Rocky Mountain (63rd Annual) and Cordilleran (107th Annual) Joint Meeting (18–20 May 2011)

Paper No. 17
Presentation Time: 8:00 AM-1:00 PM

REASSESSING A PROPOSED LARGE LATE-GLACIAL ALPINE ADVANCE NEAR MT. BAKER, WA


HARRINGTON, Joel A., 1350 Humboldt St, Bellingham, WA 98225 and CLARK, Douglas H., Geology, Western Washington Univ, 516 High Street, Bellingham, WA 98225, harrinj4@gmail.com

We combined recent LiDAR data and field investigations to reevaluate the evidence for a large late-glacial (post-Vashon) alpine glacier advance proposed for the Nooksack River drainage centered on Mt. Baker, northwest Washington (Kovanen and Easterbrook, 2001). Major evidence for this event includes four putative latero-frontal moraines identified in the North and Middle forks of the Nooksack River and near Lake Whatcom. Our reassessment is motivated by the recent availability of high-resolution bare-earth LiDAR altimetry in the area, in addition to the fact that the magnitude of this proposed advance is anomalously large compared to other late-glacial alpine glacier advances in the region.

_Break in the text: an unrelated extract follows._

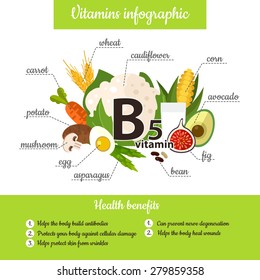 Infographic set of vitamin B5 and useful products: wheat, cauliflower, corn, avocado, fig, bean, asparagus, egg, mushroom, potato, carrot. Healthy lifestyle and diet vector concept.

In the North Fork Nooksack, LiDAR imagery shows the “Kendall moraine” to be a nearly north-south trending streamlined hill that matches the shape, size and orientation of numerous other nearby fluted hills. A roadcut through the “Kendall moraine” exposes highly compacted till. Cobbles in the till are dominated by lithologies associated with bedrock exposed north of the site (e.g., crinoid-rich limestone). We found no cobbles of Mt. Baker Andesite, previously reported as major evidence that the till originated from a west-flowing valley glacier. Our data indicate that this “terminal moraine” is instead a subglacial flute deposited by southward flow of the Cordilleran Ice sheet during the Vashon Stade. The “Maple Falls moraine,” directly up valley of the Kendall site, also appears to be a subglacial deposit of the Vashon Stade. In the Middle Fork Nooksack valley, the primary evidence for the alpine advance, a putative “lateral moraine,” instead appears to be post-glacial river incision into ice-stagnation deposits in the valley. The primary evidence for a glacier originating in the South Fork Nooksack basin, a “moraine” along the southeast shore of Lk. Whatcom, is morphologically indistinguishable from numerous other north-south subglacial flutes in the area. We also did not find erratics or till cobbles requiring a source to the east (e.g., dunite). In summary, our results indicate that deposits previously interpreted as subaerial terminal and lateral moraines from a late-glacial alpine glacier advance at Mt. Baker are instead either subglacial flutes or ice-stagnation deposits related to late phases of the Vashon stade.